This fall, back-to-school may block back-to-work for many parents
When K-12 schools start up again over the next few weeks, many districts will be teaching students online-only. A survey in Education Week found that as of the first week in August, 17 of the 20 biggest districts in the U.S. will begin remotely due to the high prevalence of COVID-19 in their city or state. Those include Los Angeles, Chicago, Miami, Houston, Philadelphia, Baltimore, Denver, Charlotte, North Carolina; Fairfax County, Virginia; and Prince George’s County, Maryland.
All those kids being schooled at home will need watching, as well as help with their online learning. And parents — predominantly mothers — will provide that supervision, making it very hard for them to keep working and earning a living.
Federal Pandemic Unemployment Assistance (PUA), passed as part of the CARES Act by Congress and signed by President Donald Trump in March, is supposed to help parents with children at home due to COVID-19. But it’s not working for a lot of working parents.
In late July, the superintendent of Seattle Public Schools delivered news that will shape parents’ lives in the fall: Due to surging COVID-19 cases in the metro area, in-person instruction is not feasible or safe for the start of the school year. So students will be learning at home when school begins Sept. 2.
Seattle parent Jennifer Zagelow has already been through the online-learning drill with her son Jack. The third-grader’s elementary school shut down in March, at the start of the pandemic.
Zagelow had recently lost her job as a legal assistant and was trying to find a new job that she could do part time from home. “Since I wasn’t working, I was taking Jack three days a week,” Zagelow said. She said her ex-husband took care of Jack the other two school days.
Zagelow applied for Washington state jobless benefits and was denied. “You can’t get unemployment, it turns out, if you have to care for a child.”

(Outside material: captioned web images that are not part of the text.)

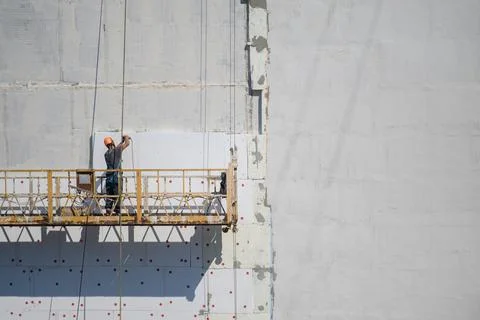 The builder insulates the house from the outside.Construction elevator.Copyspace Stock Photos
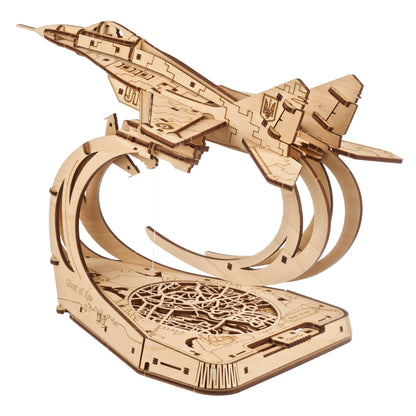 Wooden model of a fighter jet with Ukrainian trident, number "91", and "Ghost of Kyiv" text, mounted on a stand over a city map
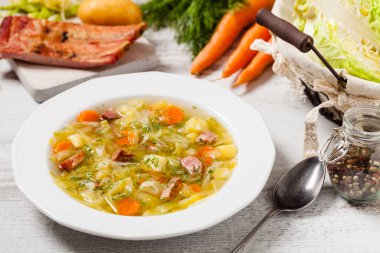 Ev yapımı lahana çorbası, füme pirzola ile pişirilmiş. Ön görünüm.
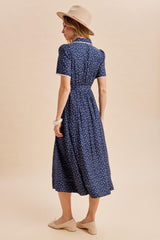 woman wearing a navy blue floral midi dress with short puff sleeves and a fitted waist, accessorized with a hat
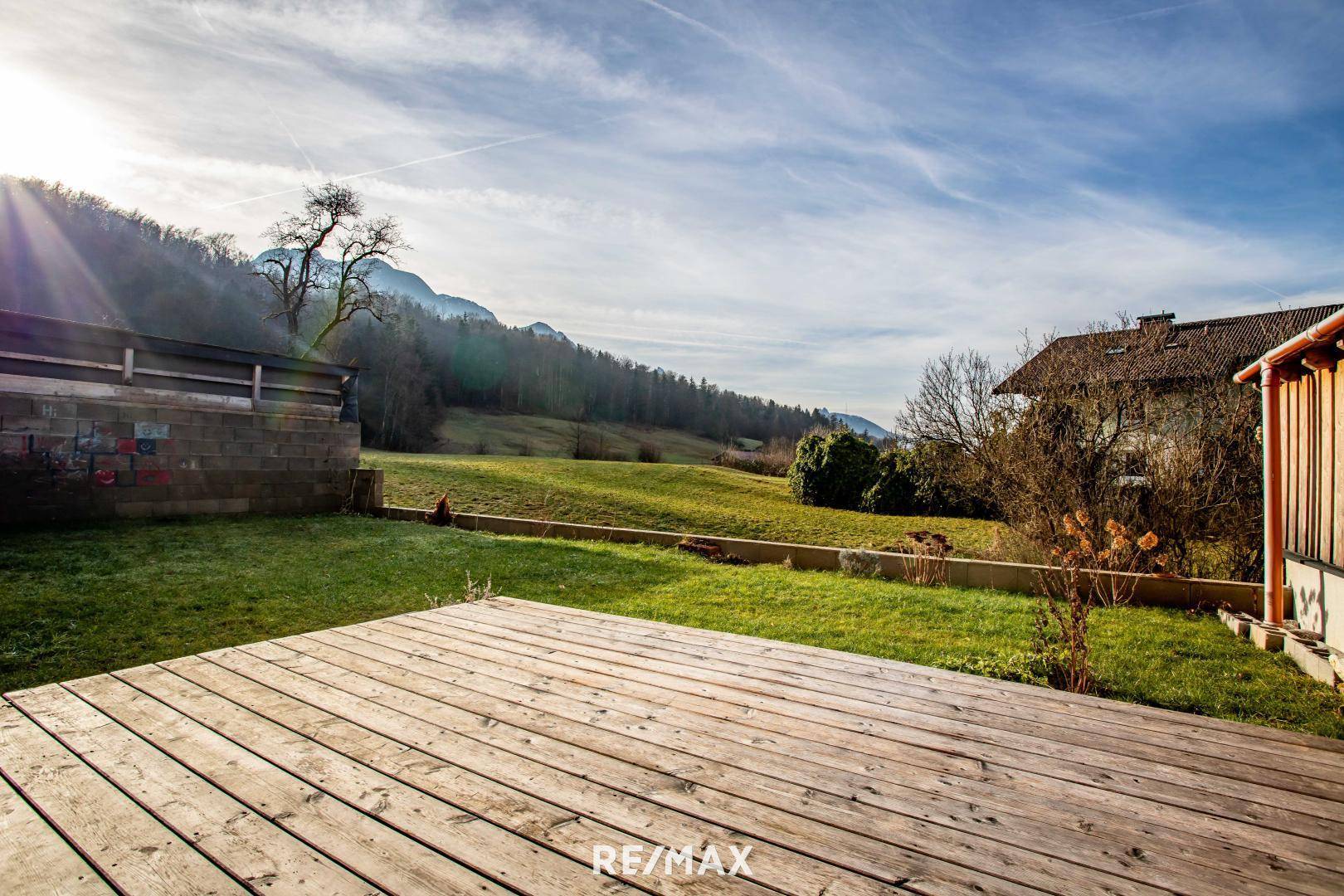 Sonnige Holzterrasse im grünen Garten mit weitem Blick auf die Hügellandschaft.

But she had a fallback: Pandemic Unemployment Assistance. It’s for workers who don’t qualify for regular state jobless benefits — including parents who aren’t working because their kids’ school or day care is closed due to COVID-19.
(Department of Labor guidance issued April 5, 2020, lists as one of the reasons for qualifying for PUA: “A child or other person in the household for which the individual has primary caregiving responsibility is unable to attend school or another facility that is closed as a direct result of the COVID-19 public health emergency and such school or facility care is required for the individual to work.”)

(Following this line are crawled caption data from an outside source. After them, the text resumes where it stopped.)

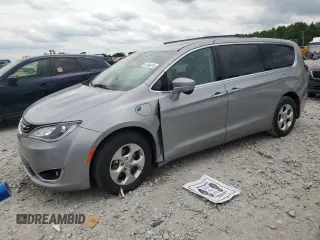 2018 Chrysler Pacifica Hybrid Touring Plus с VIN 2C4RC1H79JR158284, выставлен на аукционе Copart как лот 61360215 с пробегом 170 025 миль миль и Чистый • Clean title. История ставок и продаж доступна на DreamBid. Изображение 1.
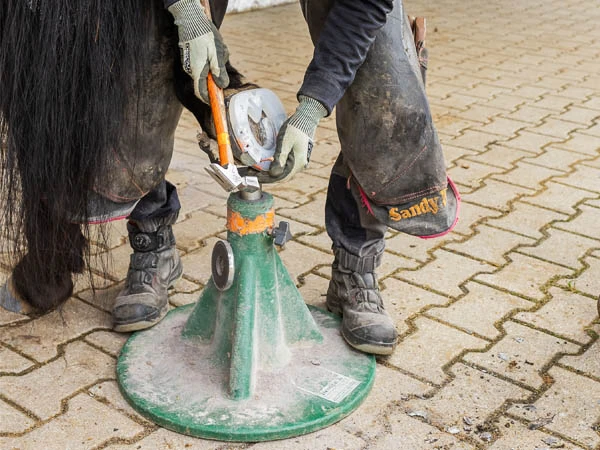 Maniscalco applica un ferro in plastica con anima in metallo sullo zoccolo di un cavallo. Lo zoccolo poggia sull'appoggio posteriore di un Hoofjack® verde.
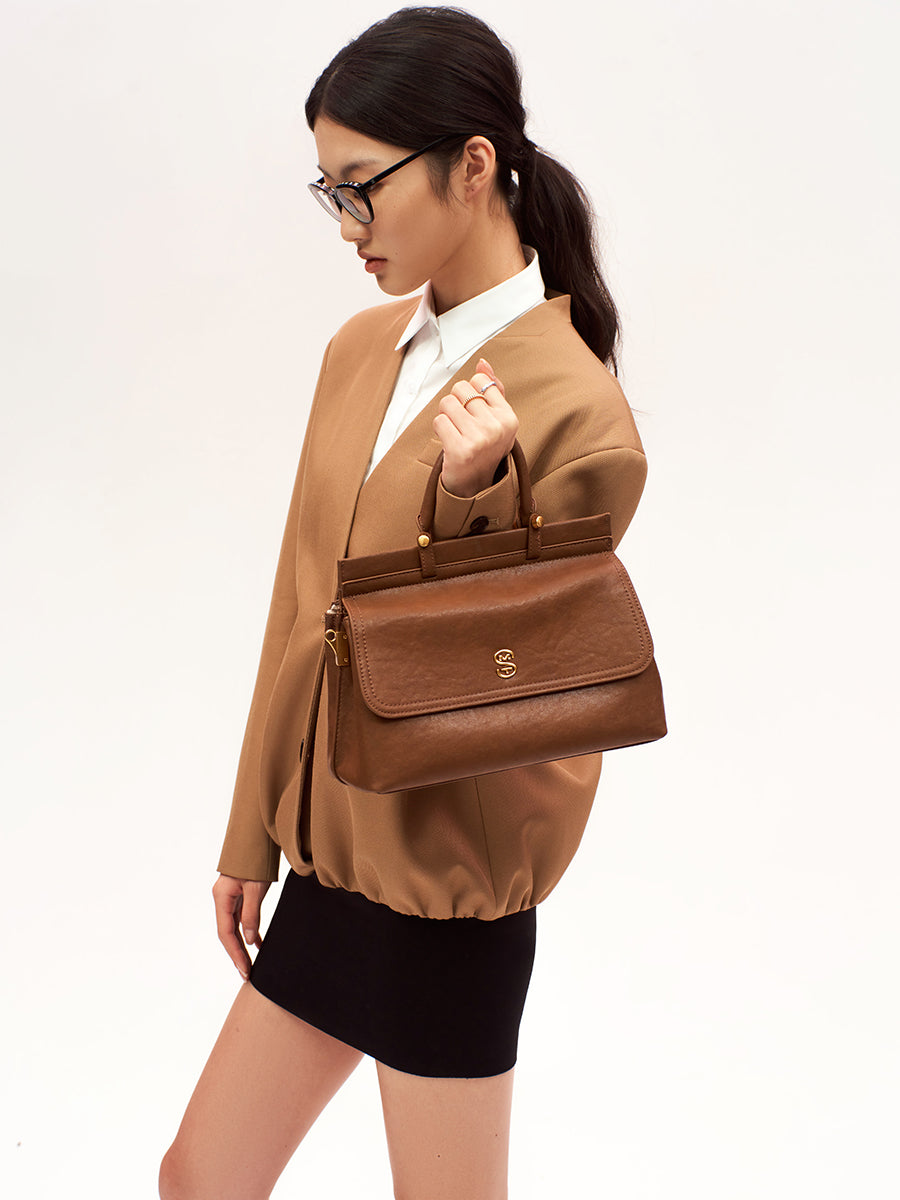 Metal logo kelly bag cowhide handbag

Except, said Zagelow, “I ended up being denied PUA. They said benefits are not for people who can telework.” That’s in spite of the fact that she hadn’t actually landed a telecommuting job.
Zagelow is not alone.
“Most workers — jobless workers — have had a really hard time applying for PUA,” said Drake Hagner, supervising attorney at the Legal Aid Society of Washington, D.C.

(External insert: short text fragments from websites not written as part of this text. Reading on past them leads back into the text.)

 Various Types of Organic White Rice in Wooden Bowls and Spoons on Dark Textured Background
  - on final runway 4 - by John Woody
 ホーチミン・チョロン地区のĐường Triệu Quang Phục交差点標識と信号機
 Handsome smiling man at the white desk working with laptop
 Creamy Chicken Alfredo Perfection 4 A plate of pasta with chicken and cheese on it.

Hagner said thousands of applicants in the district have had to wait months to find out if they qualify. She said eligibility rules are confusing: To get benefits, a parent generally has to certify that they’re available for work — even if they can’t actually take a job because they have kids stuck at home due to COVID-19.
And there are plenty of other snags keeping parents from getting federal jobless benefits.
“Almost nothing is going right,” said Indi Dutta-Gupta, director of the Center on Poverty and Inequality at Georgetown Law School.
Dutta-Gupta’s team is surveying states to determine how available and accessible child care is, five months into the pandemic. He said day care, after-school and summer programs have been severely cut back nationwide. But as long as some care is available in a given area — no matter how limited or oversubscribed it may be — working parents are still being denied benefits.
“States have made the burden quite unreasonable for parents when there’s not a complete closure of a child care facility,” Dutta-Gupta said, “when the parents might rely on family, where schools are arguably technically open but certainly do not provide needed care for parents to work.”
Legal Aid attorney Hagner said parents face increased uncertainty heading into the fall, with COVID-19 still rampant and school reopening plans in flux in urban, suburban and rural districts.
“What exactly happens when schools are only open for maybe half of the week,” Hagner asked, “for half of the kids, for online learning? Can people still get their benefits, or not?”
One thing is clear: If local schools reopen but parents keep their kids at home — because they’re afraid their children will catch COVID-19 and/or spread it to vulnerable family members — parents don’t qualify for PUA jobless benefits.
Seattle mother Zagelow appealed her unemployment denials and won. After five months without benefits, she’s getting a lump-sum payment going back to mid-March.
Meanwhile, she and her son Jack are getting ready to start the new school year. “They’re fully online,” Zagelow said, “and I have no choice but to find a telecommute job 2½ days a week.”
Until she does, she will receive a Washington state jobless benefit of around $540 a week.